Give back every record below word for word, with the pictures omitted.

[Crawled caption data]
::::::::::

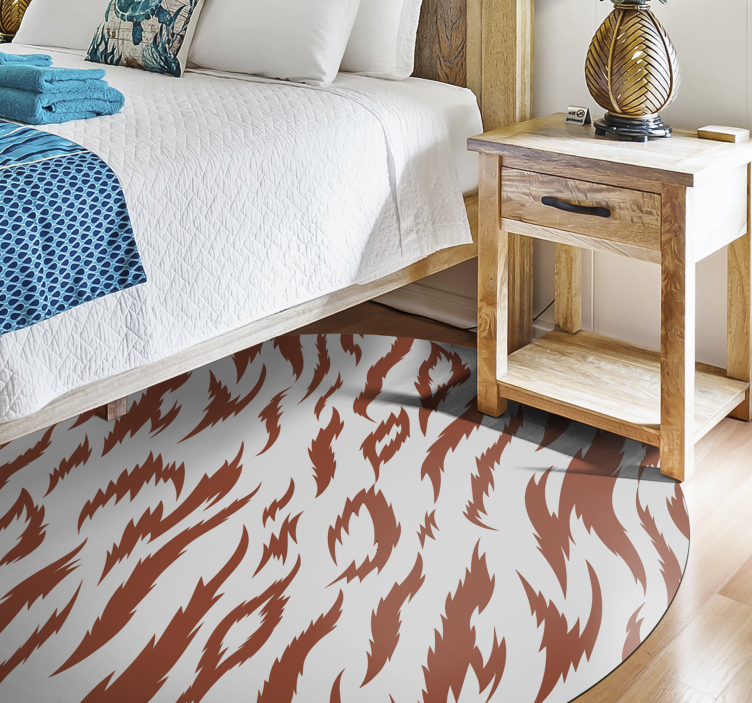 Tiger Stripe Motif animal print vinyl rug - TenStickers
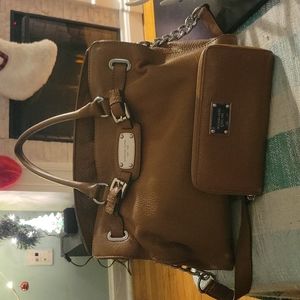 Michael Kors leather bag  (portfolio wallet sold separately..like new)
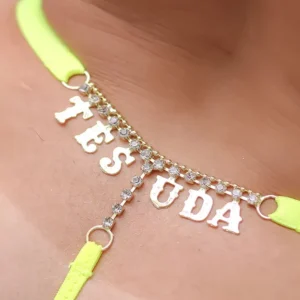 CALCINHA PERSONALIZÁVEL STRASS TALLYTA 4194 TAMANHO ÚNICO AMARELO NEON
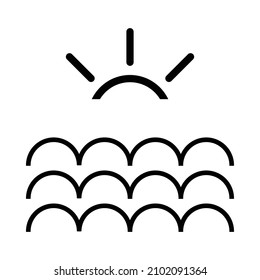 Sunset, energy icon. Outline, outline vector electro power icon for ui and ux, website or mobile app. travel logos. adventure logo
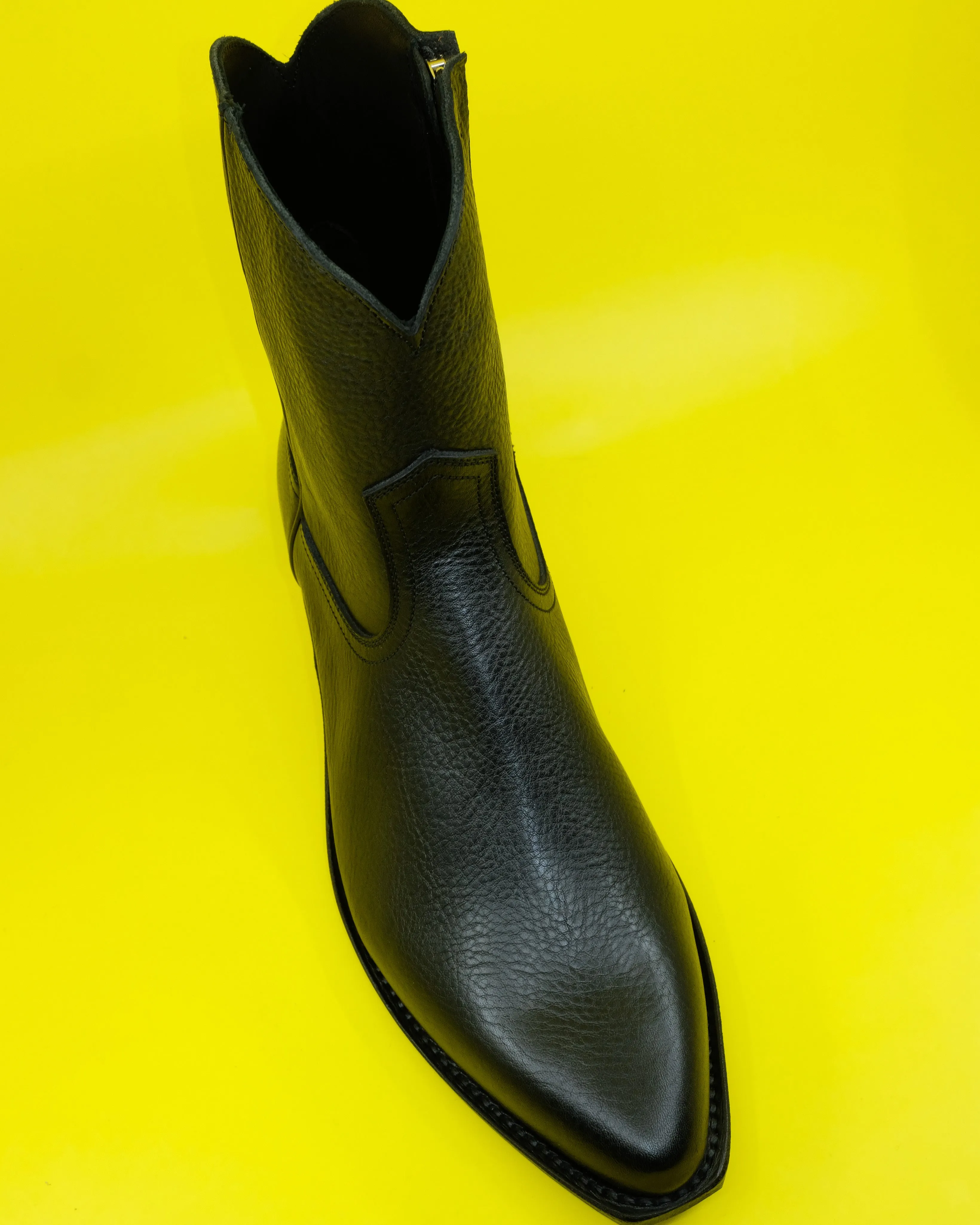 Black Cowhide Leather Western Side Zip Boots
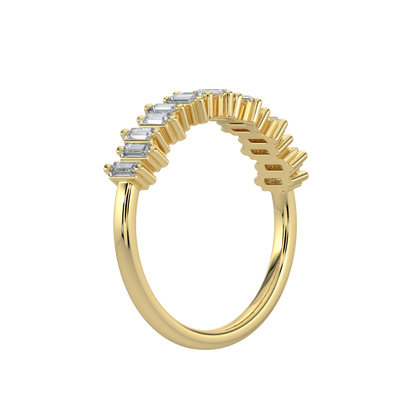 Baguette Diamond Band-Yellow Gold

::::::::::

● **Your response**:
 Tiger Stripe Motif animal print vinyl rug - TenStickers
 Michael Kors leather bag  (portfolio wallet sold separately..like new)
 CALCINHA PERSONALIZÁVEL STRASS TALLYTA 4194 TAMANHO ÚNICO AMARELO NEON
 Sunset, energy icon. Outline, outline vector electro power icon for ui and ux, website or mobile app. travel logos. adventure logo
 Black Cowhide Leather Western Side Zip Boots
 Baguette Diamond Band-Yellow Gold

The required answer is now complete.